## WORK REQUIRED
Output, word for word, each line from the one with "botella de leche icon" through the end of the listing below, excluding every picture.

## GIVEN DATA

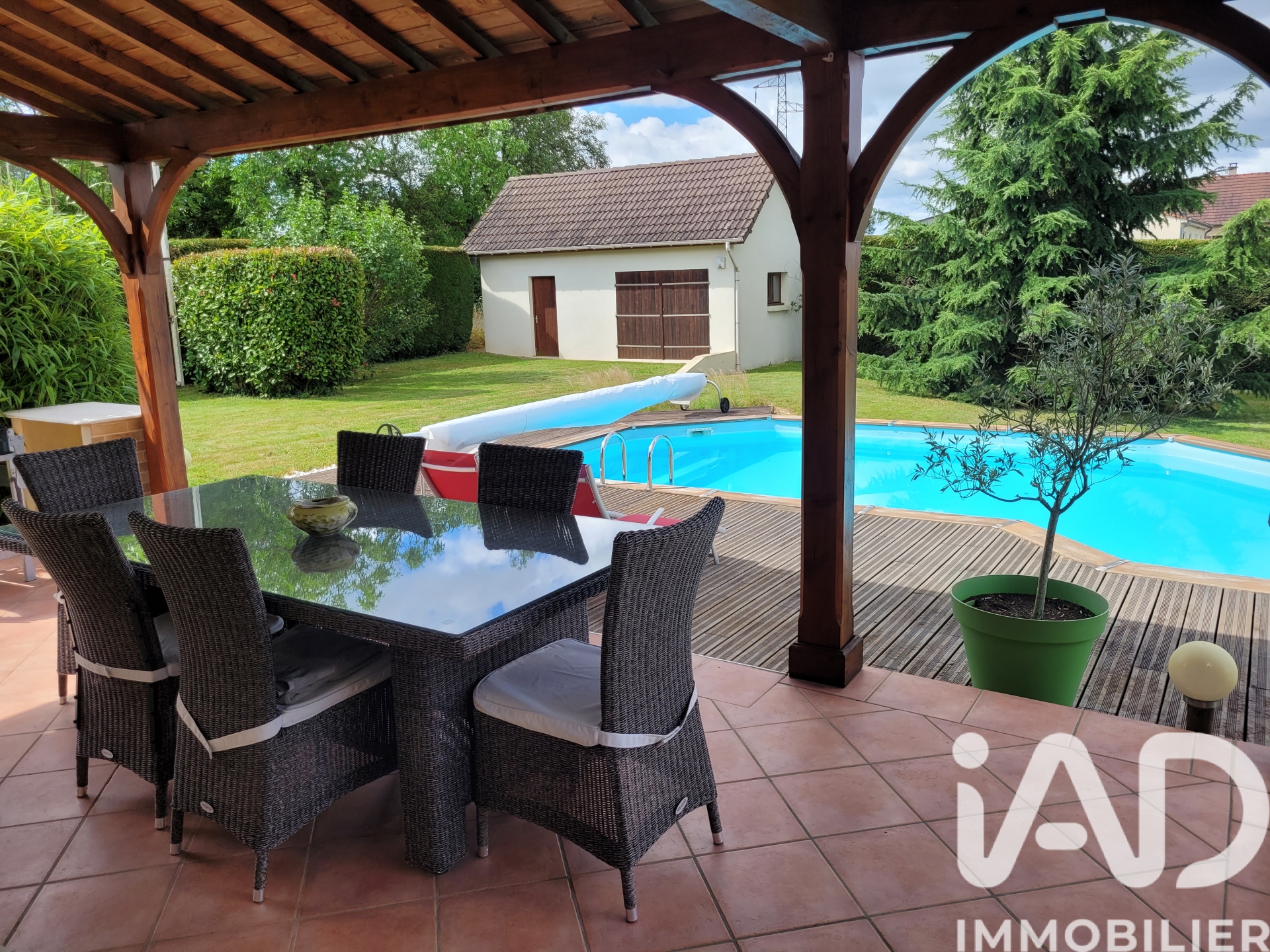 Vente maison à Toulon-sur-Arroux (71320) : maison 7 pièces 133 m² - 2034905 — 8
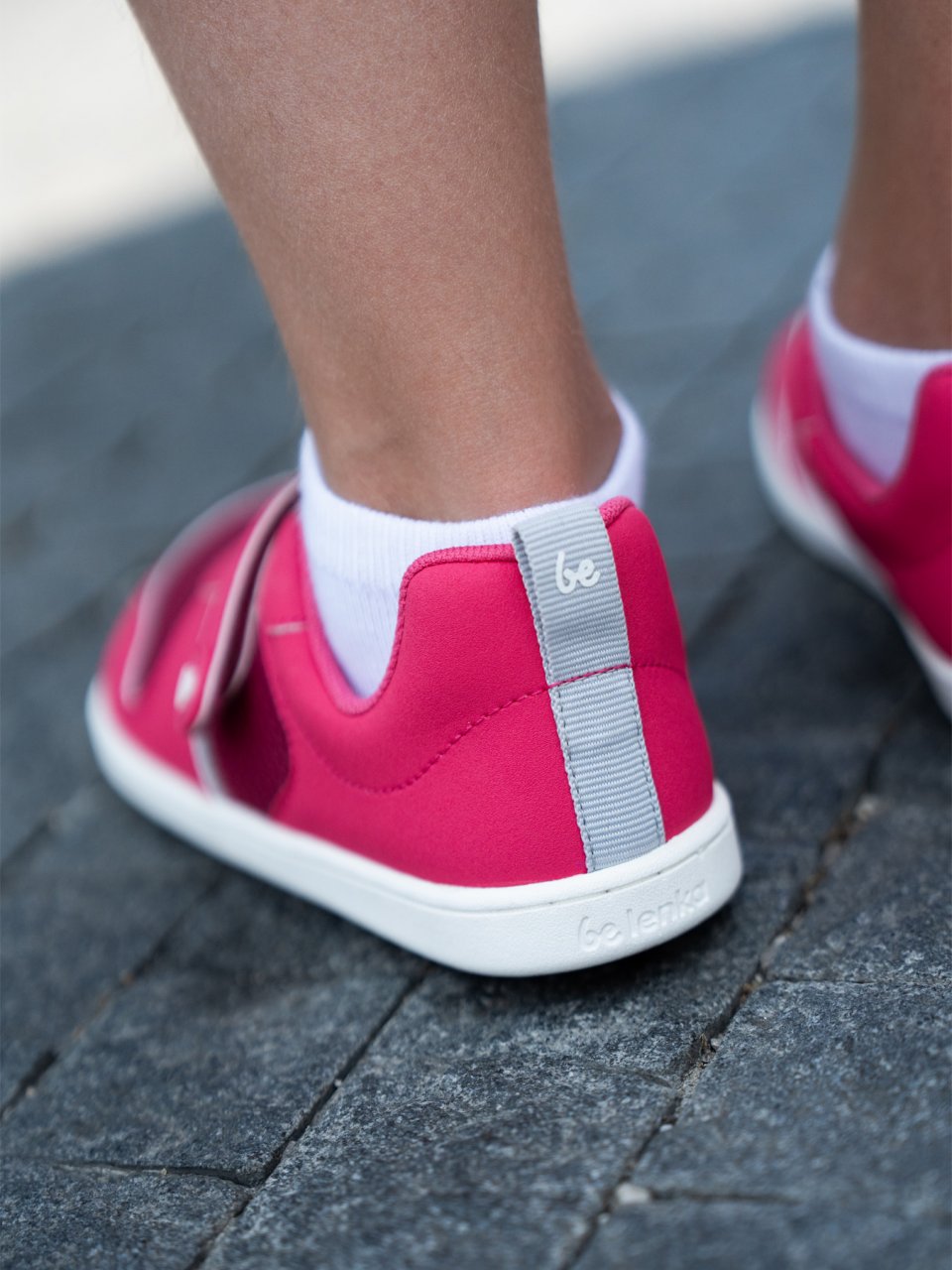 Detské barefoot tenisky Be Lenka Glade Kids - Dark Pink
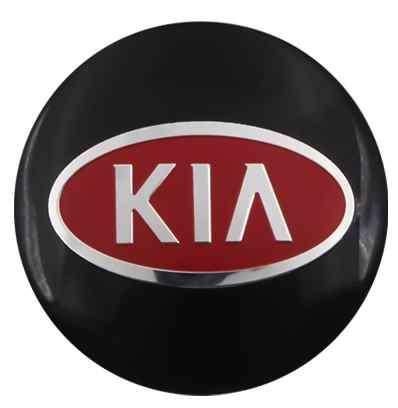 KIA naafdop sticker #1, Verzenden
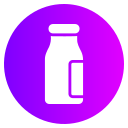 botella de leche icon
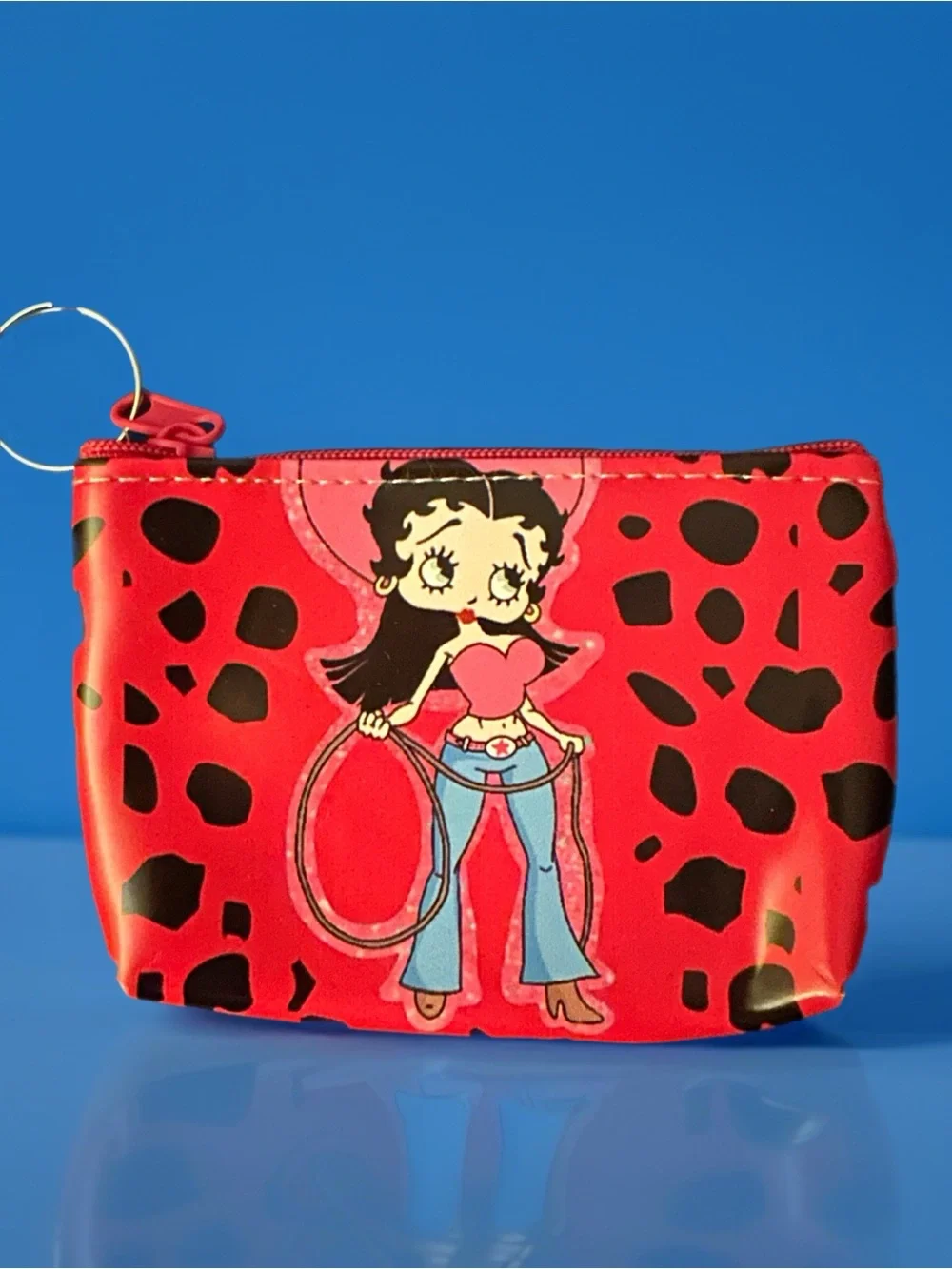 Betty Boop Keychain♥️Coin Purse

## RESULT FOR THIS EXERCISE
 botella de leche icon
 Betty Boop Keychain♥️Coin Purse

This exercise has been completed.